Oh, Japan. It may be a relatively small island, but one with a massive appeal – from its entertainment and tourism to its technology, Japan can’t seem to be pushed out of the spotlight in just about any industry. And of course, it manages to always stay relevant with its reputation for being a bit…weird.
This new hotel idea is certainly not an exception. But for a price like that, you have to admit almost anything is worth considering, right?
Let’s just cut to the chase. There’s a small family-run home accommodation business – what the Japanese traditionally call a ryokan – which is offering a room for just $1 a night, on one condition: a camera is installed in the room which remains on and active 24/7, and you agree to be filmed and have your activity during your stay live-streamed.
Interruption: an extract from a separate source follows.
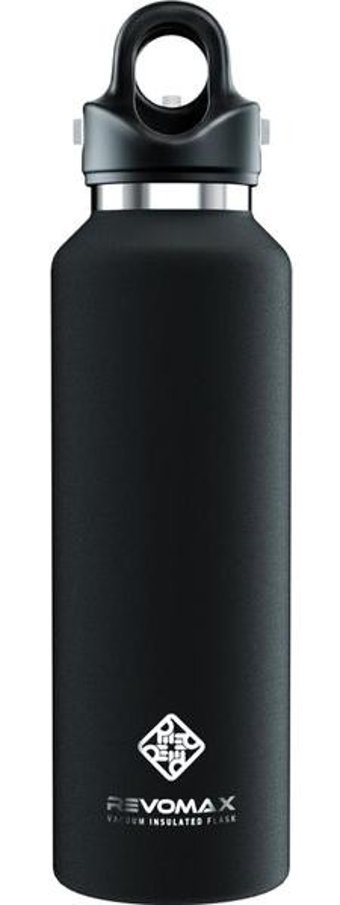 Revomax Paslanmaz Çelik 473 ml Outdoor Matara Termos Siyah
Okay, yes, there are many things that plenty (if not the majority) of people would not be okay with in this situation. But to cushion the awkwardness just a little bit, anyone going there is already aware of the camera and has agreed to it, which gives them a chance to act accordingly and have some control over what the camera sees and doesn’t see. The camera itself doesn’t have any view into the bathroom, as well – in fact, its focus is on the bed with the intention of showing what people look like when they sleep.
You have to admit, you’re a little curious, right?
Let’s examine this situation from another angle. It’s weird – no arguments here. But the family running the Asahi Ryokan in the Japanese city of Fukuoka were looking for ways to grow business, and they came up with a unique and, for all intents and purposes, harmless idea. So why shouldn’t they – and if someone wants to travel on a budget who isn’t worried about their sleeping face being viewable on YouTube, they might as well take the deal.
Of course, there’s more to the story. As it turns out, the family business has been struggling for years, and it was their younger son who realized he would need to come up with new incentives to bring visitors back to their ryokan. The idea came from a British guest who livestreamed his own stay there, with lots of success.
The ryokan is still owned by his grandmother, and her grandson in charge of running the hotel hopes that this can help her business.